Coram Deo ~

Looking at contemporary culture from a Christian worldview

Workship: How To Use Your Work To Worship God by Kara Martin

Workship: How To Use Your Work To Worship God by Kara Martin. Graceworks. 198 pages. 2017

The author writes of an institute she helped form within a theological college that aimed to bridge the Sunday–Monday divide within the college, church, and the marketplace. That experience has formed the basis of the material for this book.
In this book (volume one of two), the author looks at these areas:

  • A Biblical View of Work
  • Spiritual Disciplines for Work
  • Practical Wisdom for Working

In defining work, the author writes that she believes God sees work as any purposeful activity requiring focus and effort. That means it could be housework, schoolwork, caring for children or parents, study, paid work, voluntary work, etc. She tells us that our work should be done in a way that honors and worships God and that serves God and others.
A danger is if we think that our work doesn’t matter to God. Some think that God is only concerned with spiritual things like Bible reading, church services, mission activity, prayer, and evangelism. But the Bible teaches that work was created as a good thing. It is part of the way human beings were made in the image of a creative and working God. It is God that we truly work for.
Each chapter includes a prayer and a “Taking It Further” section with helpful questions to go deeper with the material in that chapter.
The book includes helpful stories to illustrate the content of the book. It covers a number of topics such as redeeming your workplace, working righteously, an eschatological dimension of work, vocation, calling, identity, and kingdom business.
A particularly helpful part of the book was the discussion of the following six spiritual disciplines:

  • Holy Working
  • Gospel Working
  • Prayerful Working
  • Incarnational Working
  • Spirit-Empowered Working
  • Social Justice Working

For each of these disciplines the author includes a biblical basis for the discipline, the behaviors that demonstrate the discipline, and examples of the discipline, as well as a prayer and the “Taking It Further” section.
The book includes two appendices:
In Appendix 1 is a questionnaire to help you work out your spiritual discipline preference.
In Appendix 2, you will see how the six spiritual disciplines intersect with Mark Greene’s 6Ms in his book Fruitfulness on the Frontline.
I appreciated this book as it looked at dimensions of integrating our faith and work that other books haven’t touched on. I also look forward to reading the second volume.

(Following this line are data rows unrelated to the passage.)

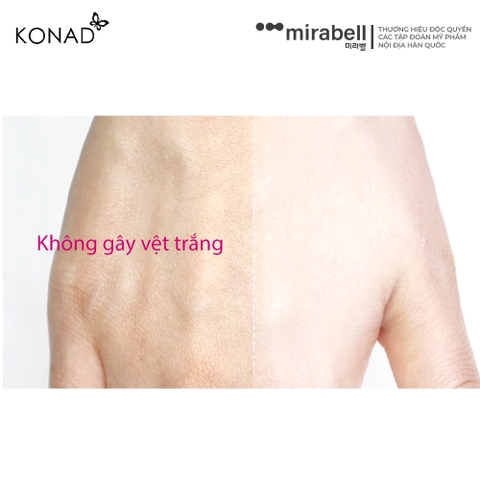 Sáp chống nắng Feeblin Good Morning Sun Stick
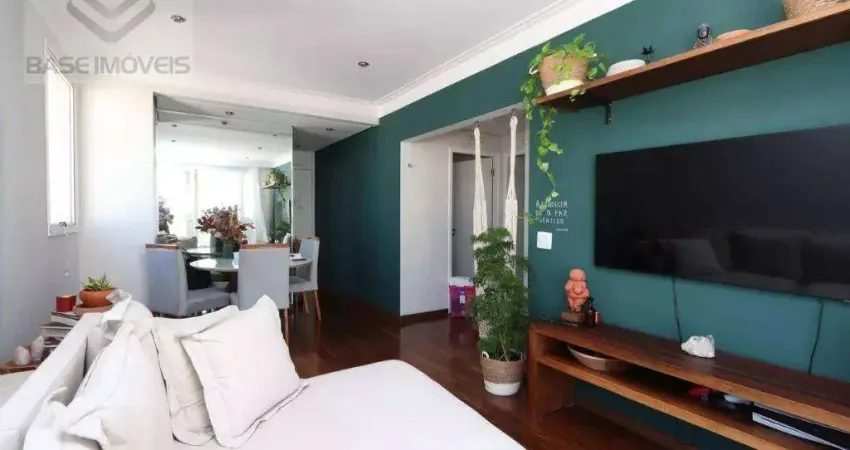 Apartamento com 3 dormitórios, 103 m² - venda por r$ 1.650.000,00 ou aluguel por r$ 12.757,00/mês - vila mariana - são paulo/sp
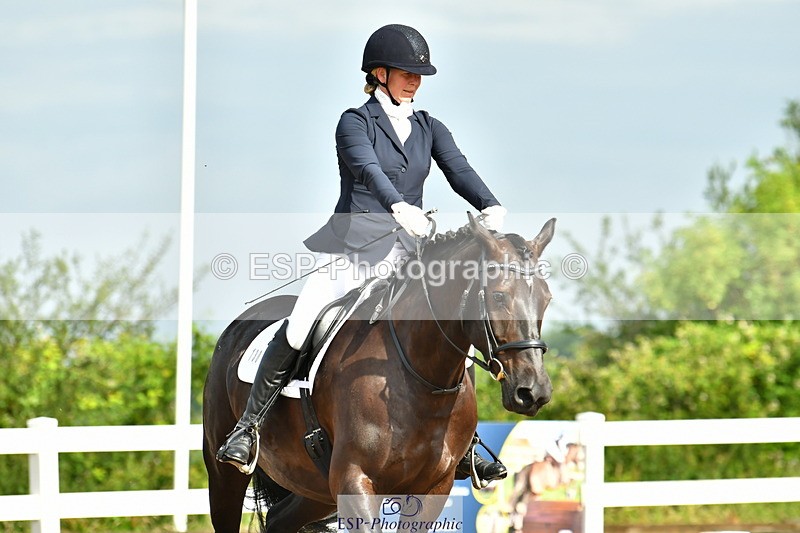 230708A-091827-02040 - Prelim 13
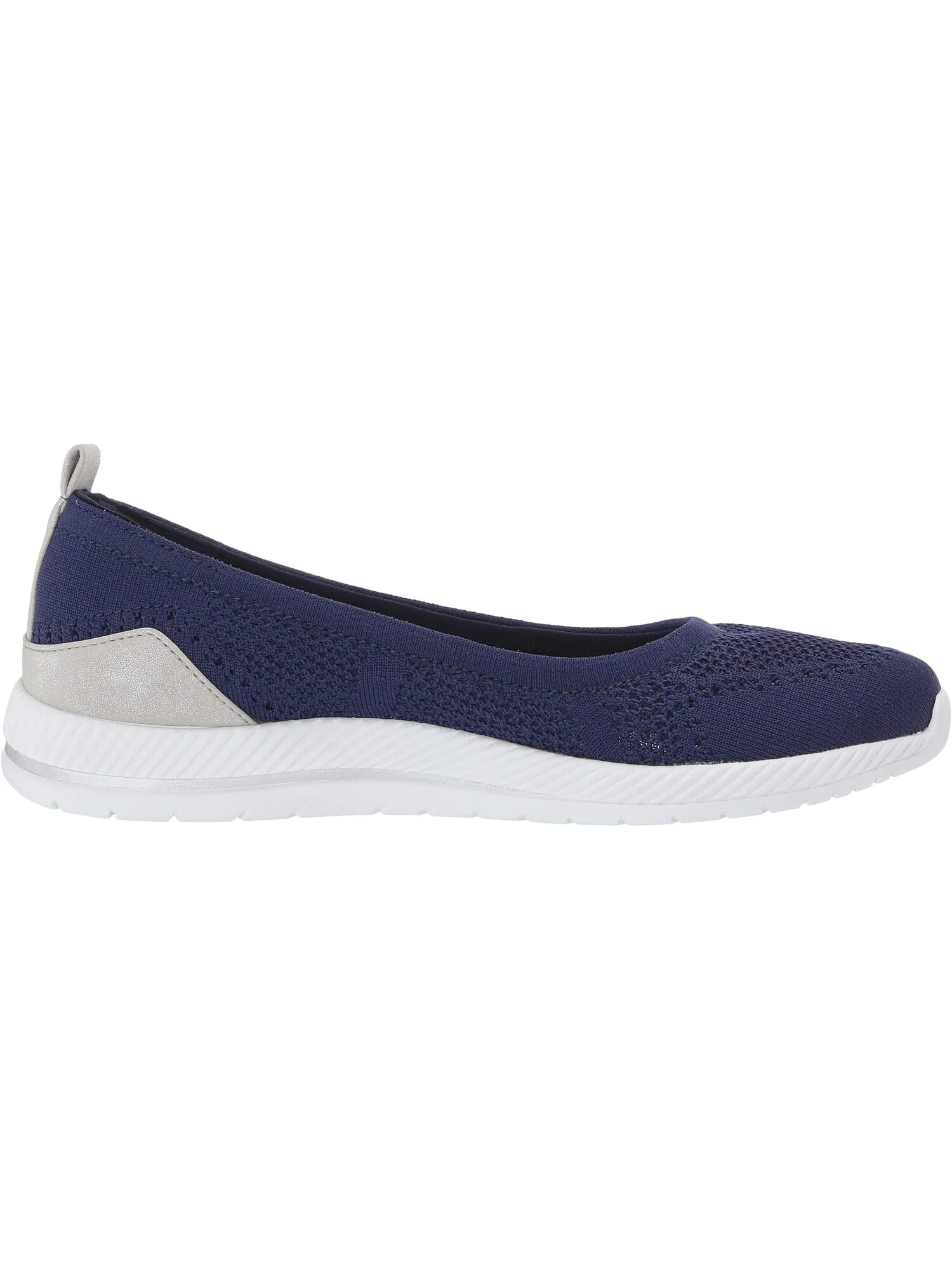 Балетки Glitz 2 Easy Spirit — 6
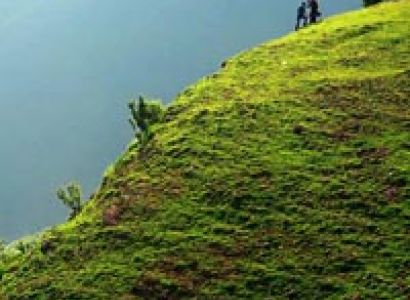 Travels In Pune - Cochin - Kerala Honeymoon Package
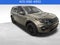 2018 Land Rover Discovery Sport SE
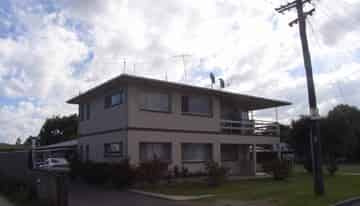 7/278 Stout Street, Mangapapa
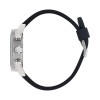 MAN WATCH ADIDAS  AOFH23005 (43MM)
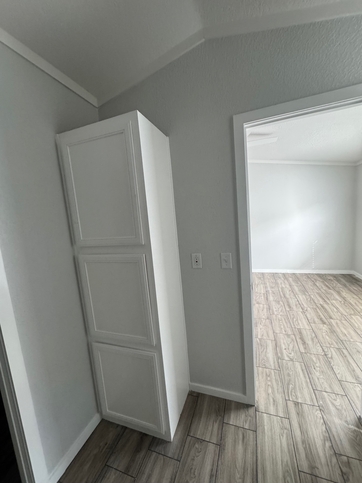 Solitaire - 266 16622A Tyler TX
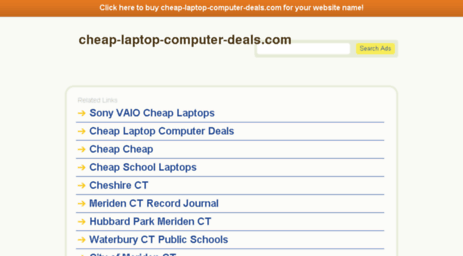 cheap-laptop-computer-deals.com
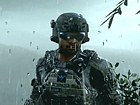 V�deo Call of Duty: Black Ops 2: Gameplay: Soldado del Futuro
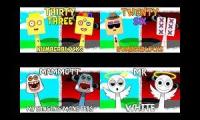Thumbnail of 33 26 mammott and mr white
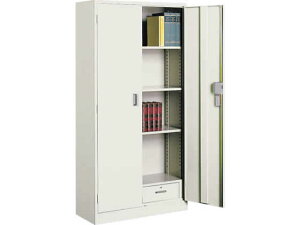 yr[e100~OFFN[|zy[J[zRN ۊǌɐ^ J ot W880×D380×H1790yszygEݒuE zJ X`[Lrlbg bJ[ 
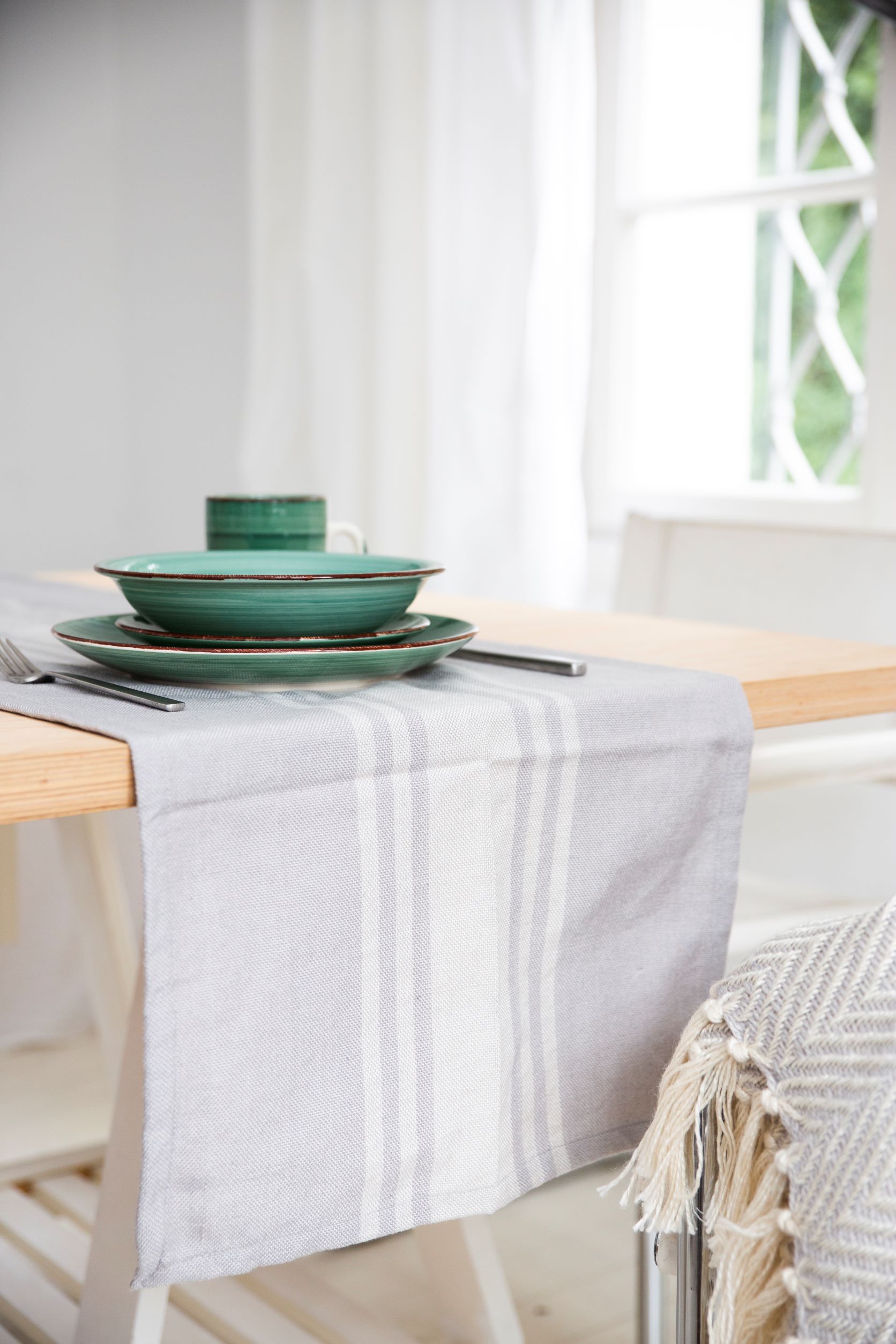 Table-runner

Here are a few of my favorite quotes from the book:

  • Work is a gift because we have an opportunity to be stewards over whatever responsibility God has given us: to love that work, do the best we can with it, and offer it back to God as a form of worship.
  • It is God we work for. It is he who gave us work as a gift and prepared us for the work given.
  • Work is not simply a means to an income. It is about stewardship, productivity, fruitfulness, relationships, for the good of the world, and for the glory of God.
  • Vocation is not so much what you ‘do’, it is about responding to the one who calls you.
  • Our call is responding to the one who calls us. It is about being Christlike in the place where we find ourselves, seeking to serve God and others.
  • Work will never satisfy us when we expect it to deliver something different than what it was designed for, that is, as a means of working with and worshipping God.
  • If work is the source of your identity, self-esteem, and/or your security, then it has become an idol. It means that you are too attached to your job.